= Shtetl (publication) =

News outlet covering Haredi Jewish topics

Shtetl: Haredi Free Press was a media outlet founded by activist Naftuli Moster in 2023 to cover the Haredi Jewish community. Moster renounced the site in 2025, leading to the resignation of its board.

==History==
Naftuli Moster, founder and former executive director of activist group Young Advocates for Fair Education (Yaffed), announced in November 2022 the upcoming launch of online media outlet Shtetl: Haredi Free Press in early 2023. Moster stated that the outlet would produce independent journalism to fill a news desert in the Haredi media landscape. Shtetl launched in November 2023.

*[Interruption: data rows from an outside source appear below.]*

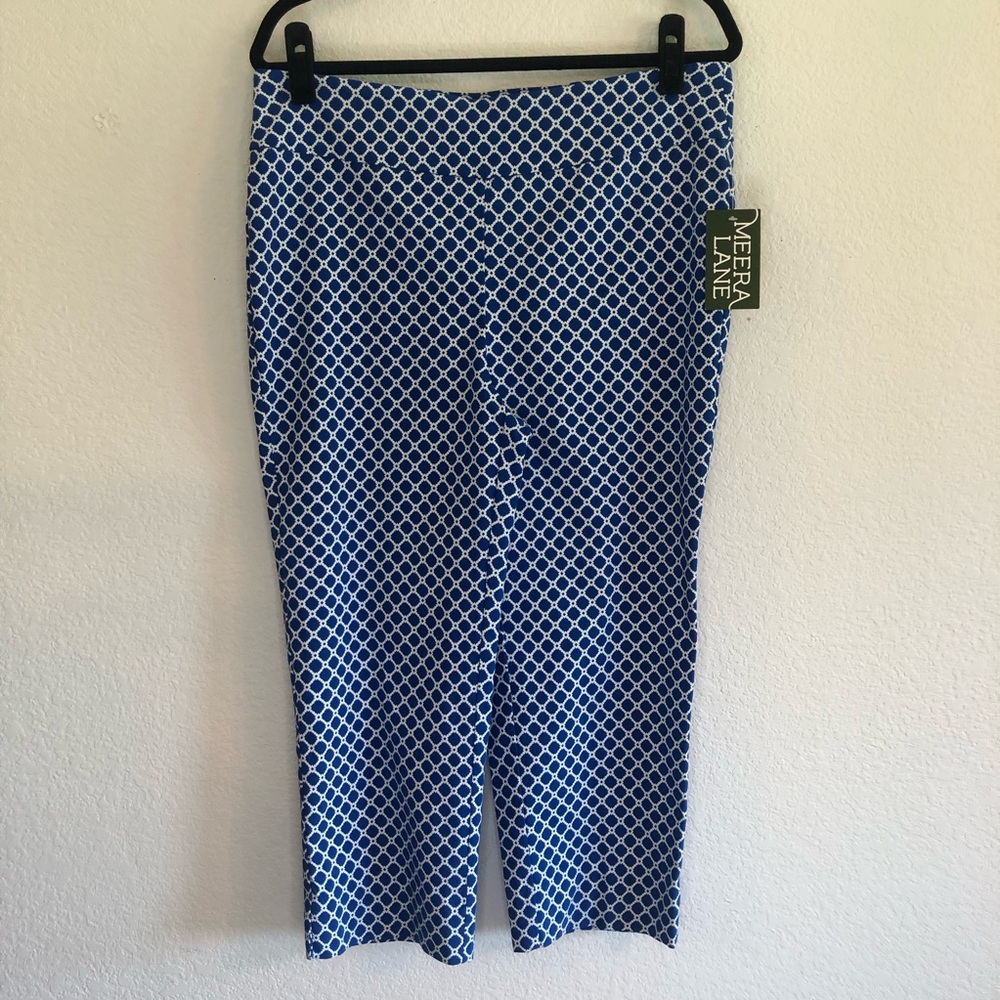 Dia & Co Meera Lane Blue Checkered Pull On Cropped Pants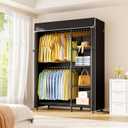 ULIFHOME F2C Clothes Rack with Cover, Black Clothing Racks Heavy Duty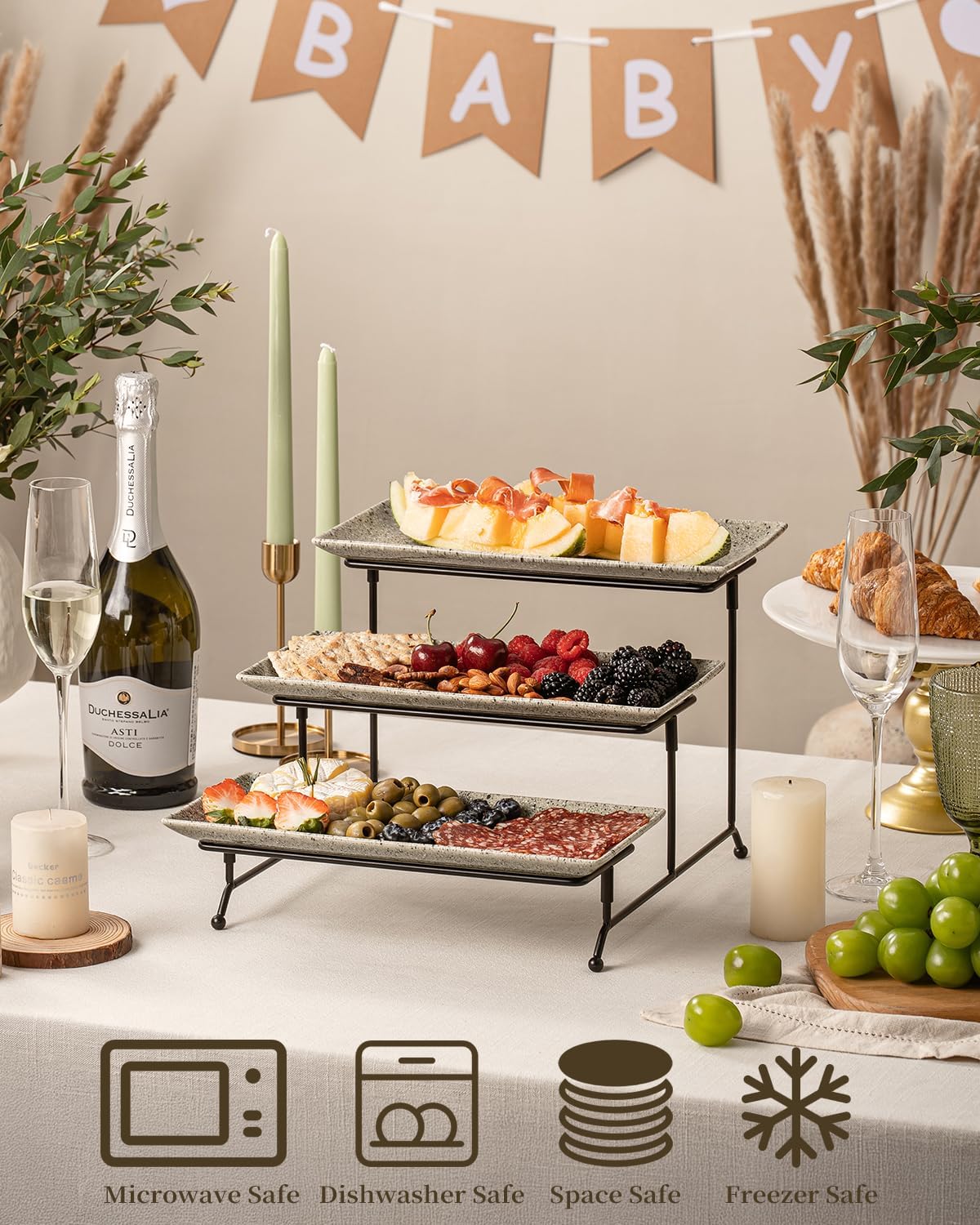 LAUCHUH 3 Tier Serving Tray, Porcelain Serving Platter Tier Serving Stand with Collapsible Sturdier Rack, Serving Trays and Platters Dessert Party Display Set for Father's Day, Gold, 12 Inch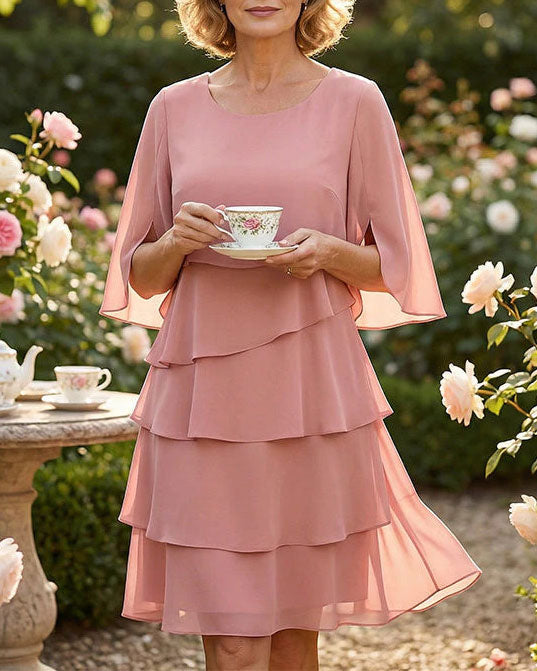 Loose Round Neck Cake Dress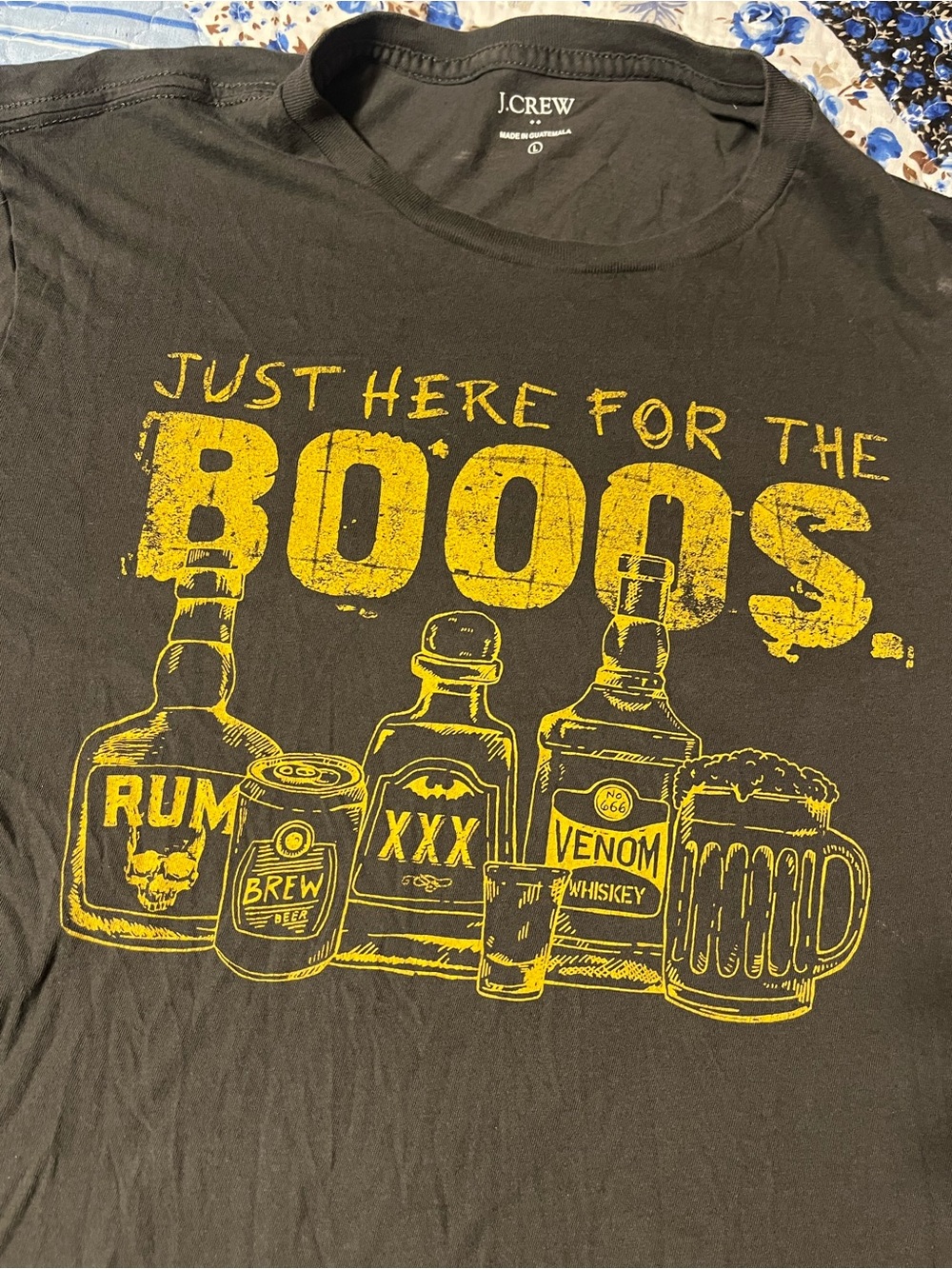 J. Crew Black Short-Sleeve Tee with Yellow 'Just Here for the Boos' Graphic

In June 2025, Moster announced that he regretted both Shtetl and Yaffed after growing distrustful of progressive politics after the October 7 attacks and due to his concern that his advocacy had negatively impacted family in the Haredi community. In response, all three of Shtetls board members resigned.

==Staffing==
The board included Jewish journalists, including Larry Cohler-Esses of The Forward and Ari Goldman of Columbia University, and Adelle Goldenberg. Moster was the founding editor-in-chief and the website launched with one staff reporter, a non-Haredi.

==Editorial and reception==
Some reaction was praise for a news outlet that could hold communal institutions to account. According to activist Elad Nehorai, most Haredi outlets were more akin to community newspapers than journalistic enterprises. Shtetl aimed to cover stories about the Haredi community with cultural and linguistic context other news outlets were not suited for. Critics argued that Shtetl had a political agenda to undermine the community, including Avi Shafran of Agudath Israel of America, who claimed that Shtetl would be focused only on the negatives of the community. NPR contrasted Shtetls "warts and all" goals with Hamodia.